From that point of view, we revise scientific laws because we find better ways of doing things, not because the earlier laws were wrong.
Neil,
You’re familiar with C.I. Lewis? I’ve only recently discovered him, and I’m very excited! Good!
Wouldn’t a Real Pragmatist(tm) would say that “the earlier laws were wrong” just gets cashed out to mean “we found a better way of doing things”?
So, what about this suggestion: firstly, where we distinguish between a posteriori and a priori statements is contextual — it depends on the context, and on the questions we’re asking — and secondly, that the sort of considerations that prompt a revision in our empirical statements are different from the sort of considerations that prompt a revision in our a priori statements. More specifically, we revise our empirical statements based on new results of inquiry, and we revise our a priori statements based on new ways of inquiring.
Carl
Fundamental laws of science seem to be goalposts capable of being moved. Quantum theory and general relativity seem to be the iconoclasts of 20th century physics. Now they’re the icons.
One good rule in science is that every empirical law works only within a range of conditions. Newton will get you to the moon and back, but won’t run your GPS.
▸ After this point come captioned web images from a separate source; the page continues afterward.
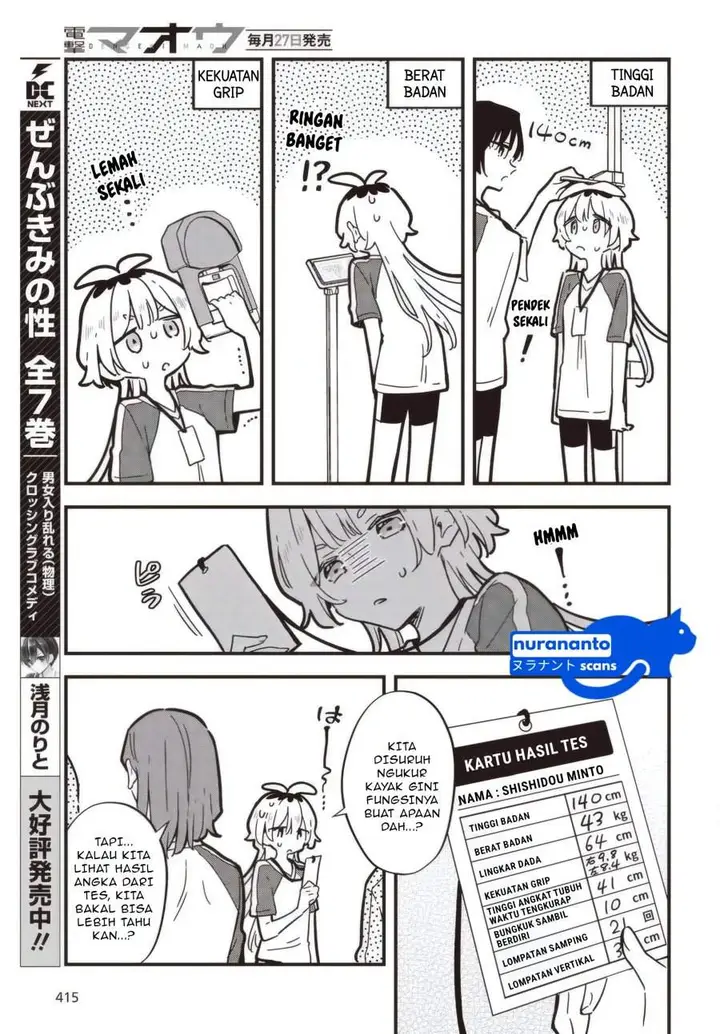 image-komik-kimi-no-negai-ga-kanau-made-chapter-3-4/23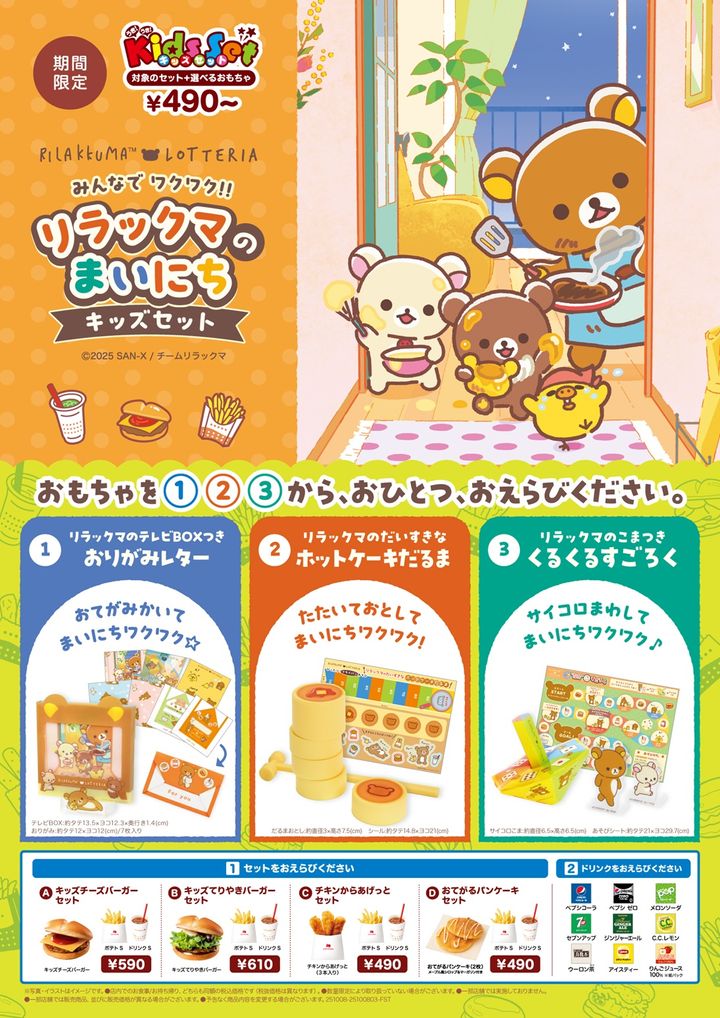 ロッテリア「みんなでワクワク‼リラックマのまいにちキッズセット」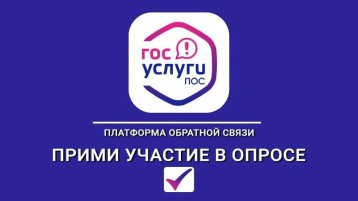 Опрос по теме «Разработка проекта Стратегии развития образования Российской Федерации» Опрос по теме «Разработка проекта Стратегии развития образования Российской Федерации».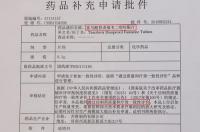 富马酸替诺福韦二吡呋酯片是治疗什么的？是治疗乙肝的吗？ 替诺福韦二吡呋酯片副作用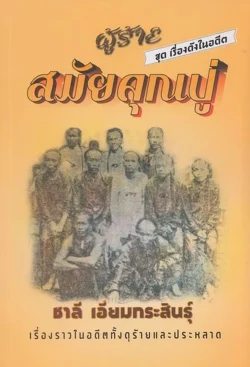 ผู้ร้ายสมัยคุณปู่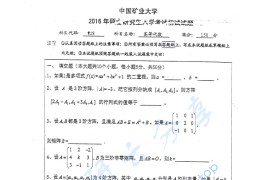 2016年中国矿业大学（徐州）828高等代数考研真题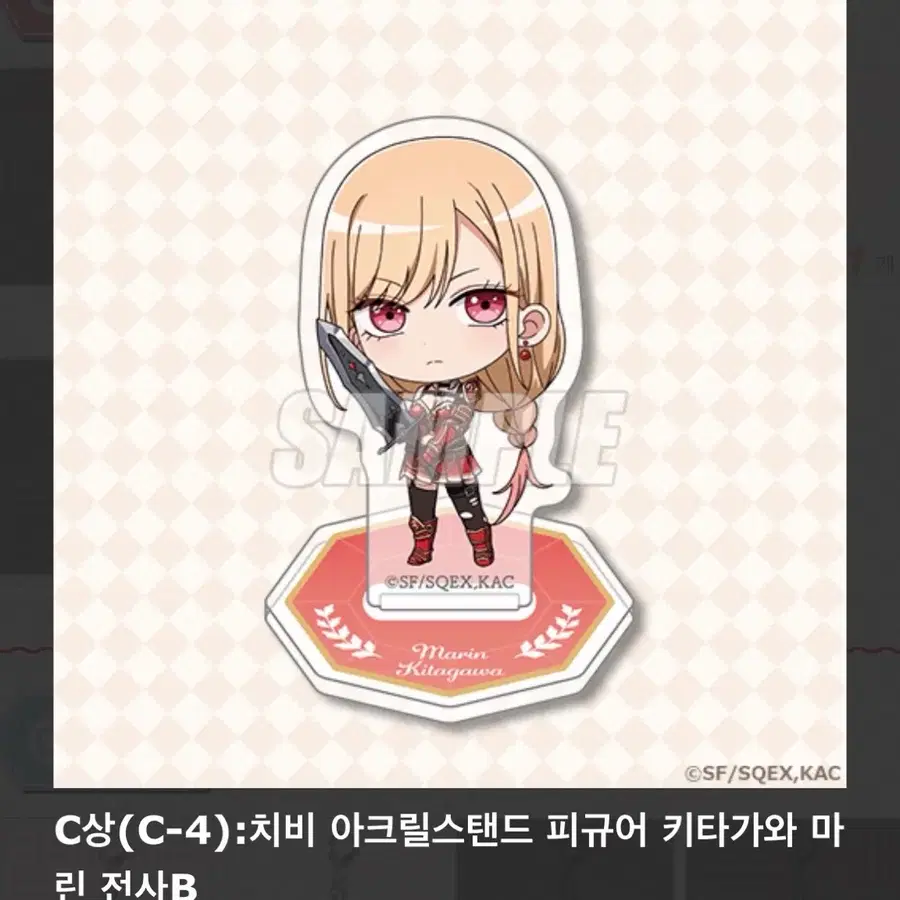 그 비스크돌은 사랑을 한다 쿠지 C상 (C-4)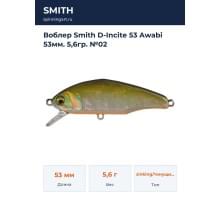 Воблер Smith D-Incite 53 Awabi 53мм. 5,6гр. №02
I think UD is experiencing what happens when someone refuses to accept the fact that physical phenomena may appear to violate fundamental rules of reason.
He’s a lot easier to read than Rorty.
In all honesty, I am not a big fan of epistemology.
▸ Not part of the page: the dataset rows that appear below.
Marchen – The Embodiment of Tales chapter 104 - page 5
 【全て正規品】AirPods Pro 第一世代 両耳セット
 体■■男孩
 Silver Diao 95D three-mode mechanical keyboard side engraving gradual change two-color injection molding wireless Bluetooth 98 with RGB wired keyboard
An epistemologist defines knowledge in terms of immaterial propositions, and then somehow tries to keep a straight face while criticizing substance dualism.
An epistemologist defines knowledge in terms of immaterial propositions, and then somehow tries to keep a straight face while criticizing substance dualism.
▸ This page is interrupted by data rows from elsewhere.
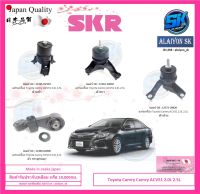 SKR แท่นเครื่อง แท่นเกียร์ Toyota Camry Camry ACV51 2.0L 2.5L  Made in osaka japan (โปรส่งฟรี)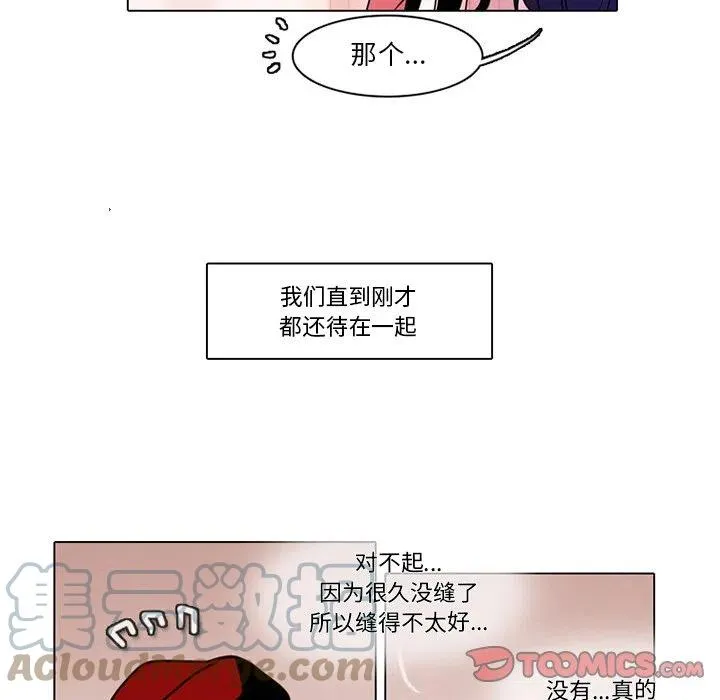 72 第10页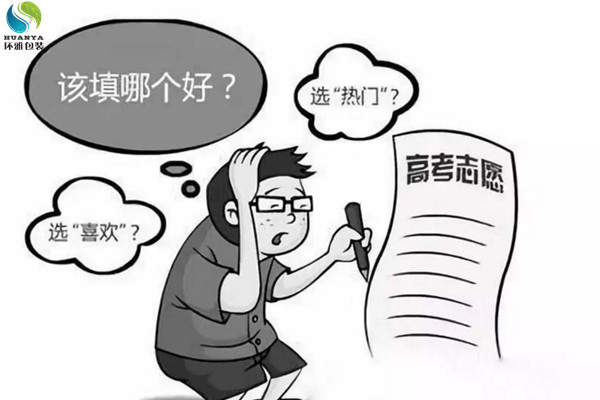 环保袋厂家教你高考志愿填报方法3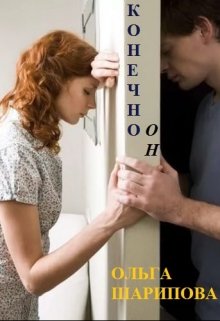 Конечно он litnet.com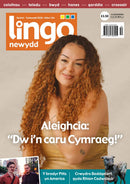 issue image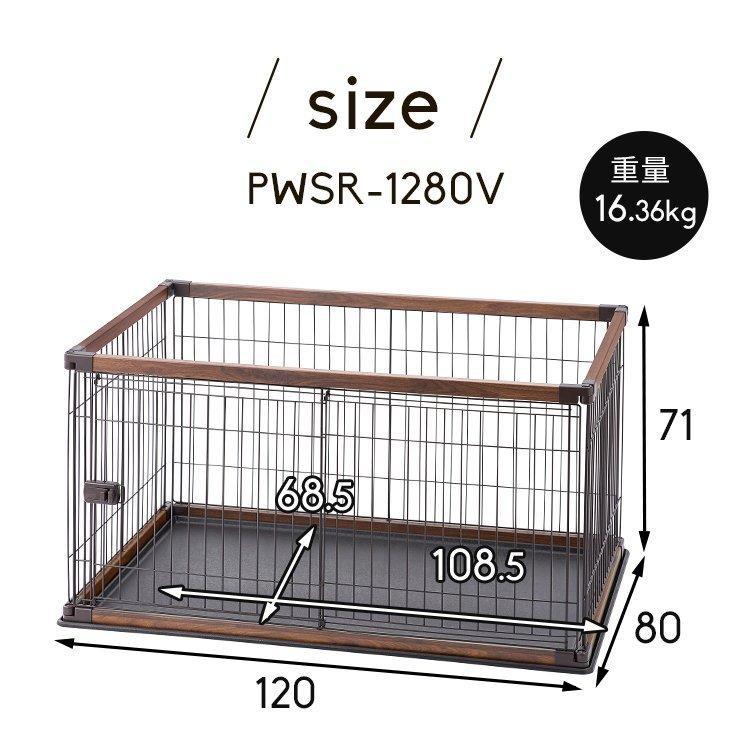 IRIS OHYAMA（アイリスオーヤマ） ケージ 犬 猫 中型 ペットサークル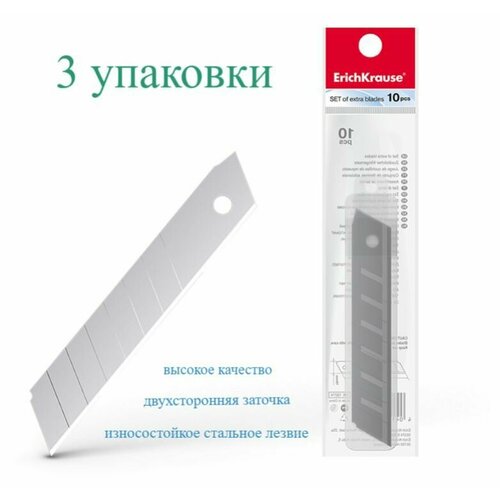 Лезвия для канцелярского ножа 18 мм, 3 упаковки, ERICH KRAUSE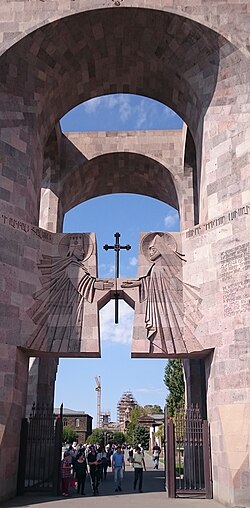Portal to the Holy City at Echmiazin, the seat of the Catholicos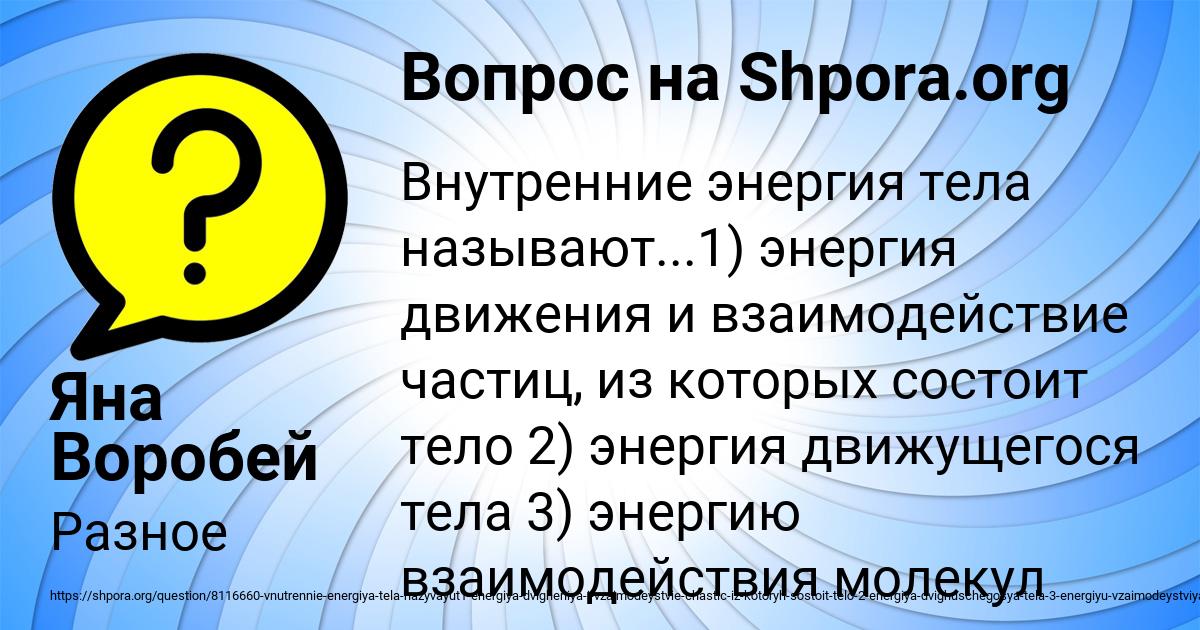 Картинка с текстом вопроса от пользователя Яна Воробей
Touche! Well, we’ve entered the phase of the conversation that, under ideal circumstances, would best be conducted over a couple of beers! Unfortunately, existing technology does not permit that!
Since epistemology is one of my many hats, though, I do feel slightly compelled to rise to its defense, insofar as I’d describe epistemology as “the ethics of belief”. Which is to say, epistemology, when done soberly and sanely (i.e. not too often) consists of attempts to formulate the norms of assessment of evidence, theory-selection, and so on. In the regard, it is, as you rightly indicated, concerned with a priori principles. But I gladly follow Lewis and Sellars (and even Rorty, in his more careful moments) in thinking that this is a sufficiently innocuous kind of a priori reasoning that’s quite consistent with naturalism.
Best,
Carl
I don’t have a problem with that.
My view of epistemology is that it is too much a propositional account, and not nearly enough a behavioral account. How we use propositions is, of course, a behavioral question. And it sounds as if you are part way headed in that direction.
As a mathematician, I do deal with abstract things so could be described as dealing with immaterial numbers. But it has always seemed to me and to many of my colleagues, that we are not teaching our students facts about numbers. Rather, we are teaching problem solving methods.
Elizabeth,
No worries!
Neil,
I looked at the “About” section of your blog, and I think I have a better sense of where you’re coming from here. Epistemology has, unfortunately, been haunted by the ghost of dearly departed Kant. I once heard the project of the Critique of Pure Reason described — helpfully, I thought — as being the project of strong A.I. It’s about the design specs, not about implementation.
At the same time, though, I want to preserve the distinction between epistemology (as the ethics of belief) and cognitive science — where the latter yields explanations of how we actually cognize. Distinction, that is, and not separation — for I do think that the two require each other. And I think that’s because of how I’m trying to maintain this distinction that I seem to be in between a ‘propositional’ and ‘behavioral’ approach.